■ **GIVEN INFORMATION**
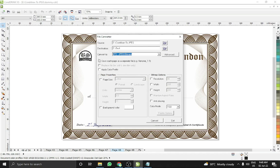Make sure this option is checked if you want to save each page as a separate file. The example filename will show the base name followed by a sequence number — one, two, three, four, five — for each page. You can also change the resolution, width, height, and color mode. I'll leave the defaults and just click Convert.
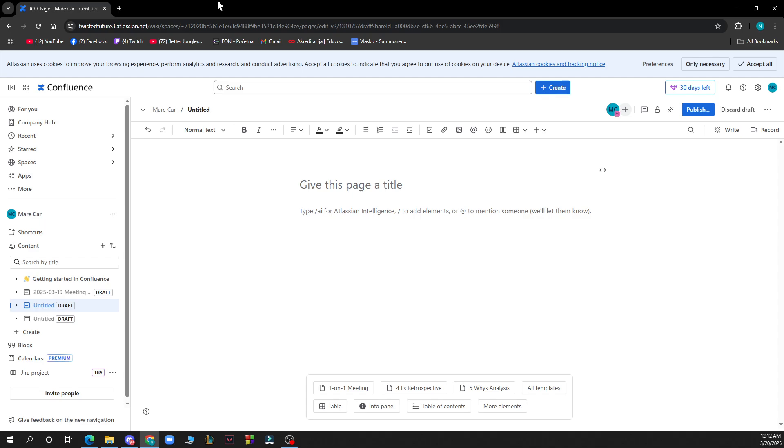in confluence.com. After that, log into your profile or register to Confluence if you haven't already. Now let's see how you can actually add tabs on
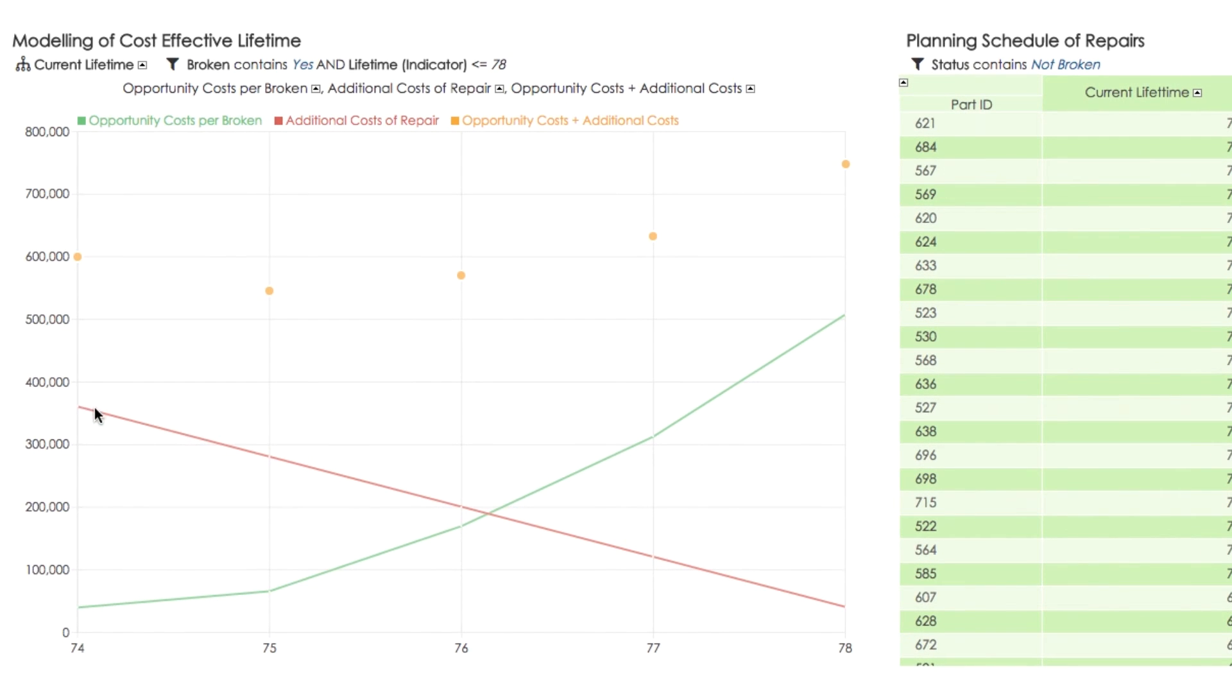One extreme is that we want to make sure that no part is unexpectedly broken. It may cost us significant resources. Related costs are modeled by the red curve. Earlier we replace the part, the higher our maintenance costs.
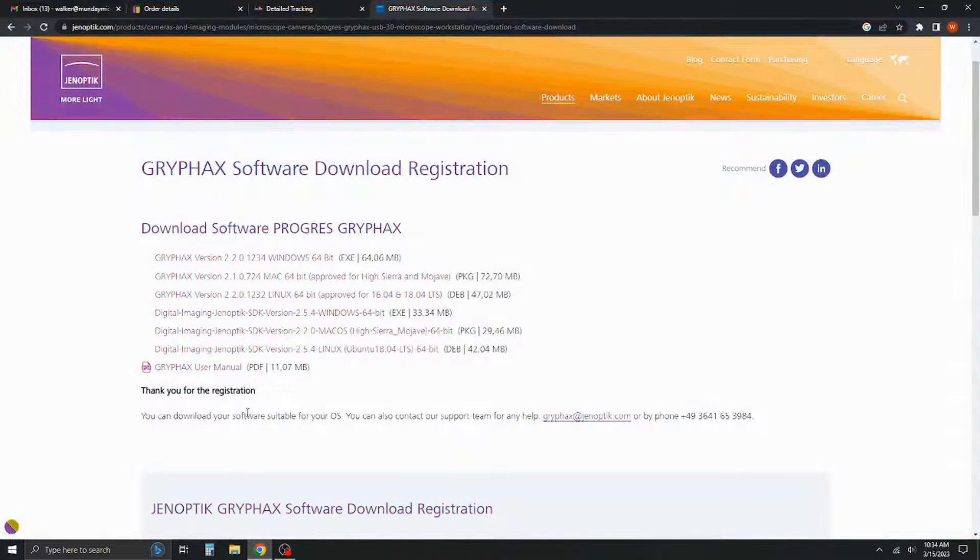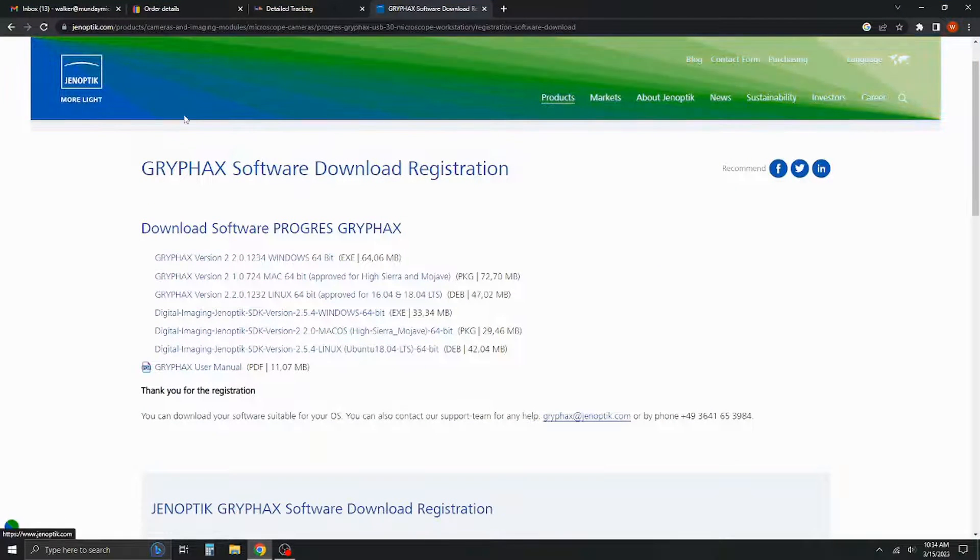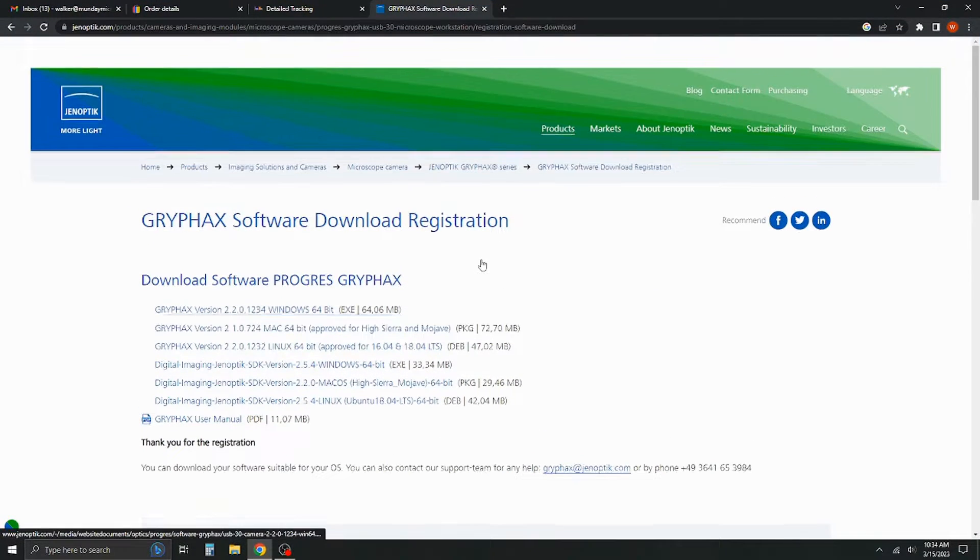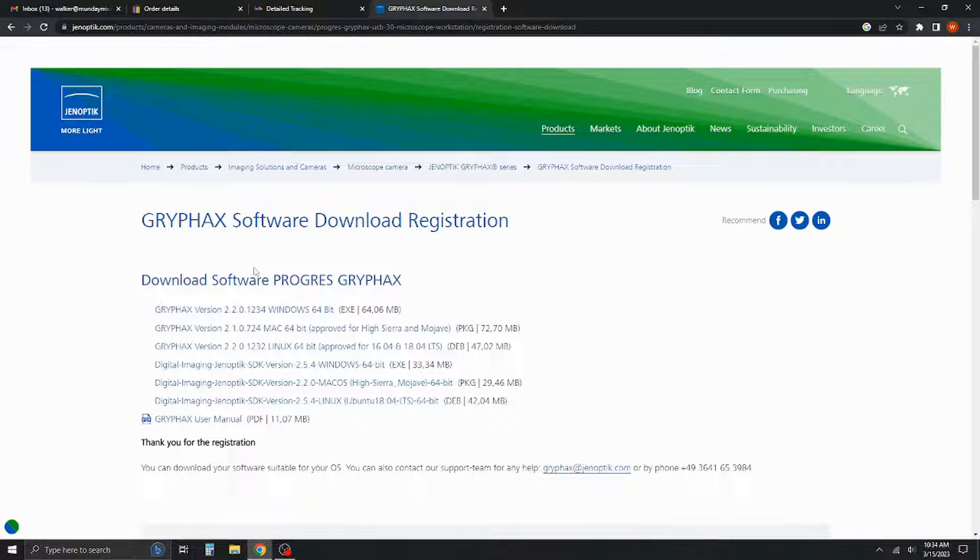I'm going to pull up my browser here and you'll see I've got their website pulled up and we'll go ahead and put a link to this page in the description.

■ **EXERCISE DETAILS**
Strip out the pictures and repeat the listing above exactly.

■ **TASK SOLUTION**
Make sure this option is checked if you want to save each page as a separate file. The example filename will show the base name followed by a sequence number — one, two, three, four, five — for each page. You can also change the resolution, width, height, and color mode. I'll leave the defaults and just click Convert.
in confluence.com. After that, log into your profile or register to Confluence if you haven't already. Now let's see how you can actually add tabs on
One extreme is that we want to make sure that no part is unexpectedly broken. It may cost us significant resources. Related costs are modeled by the red curve. Earlier we replace the part, the higher our maintenance costs.
I'm going to pull up my browser here and you'll see I've got their website pulled up and we'll go ahead and put a link to this page in the description.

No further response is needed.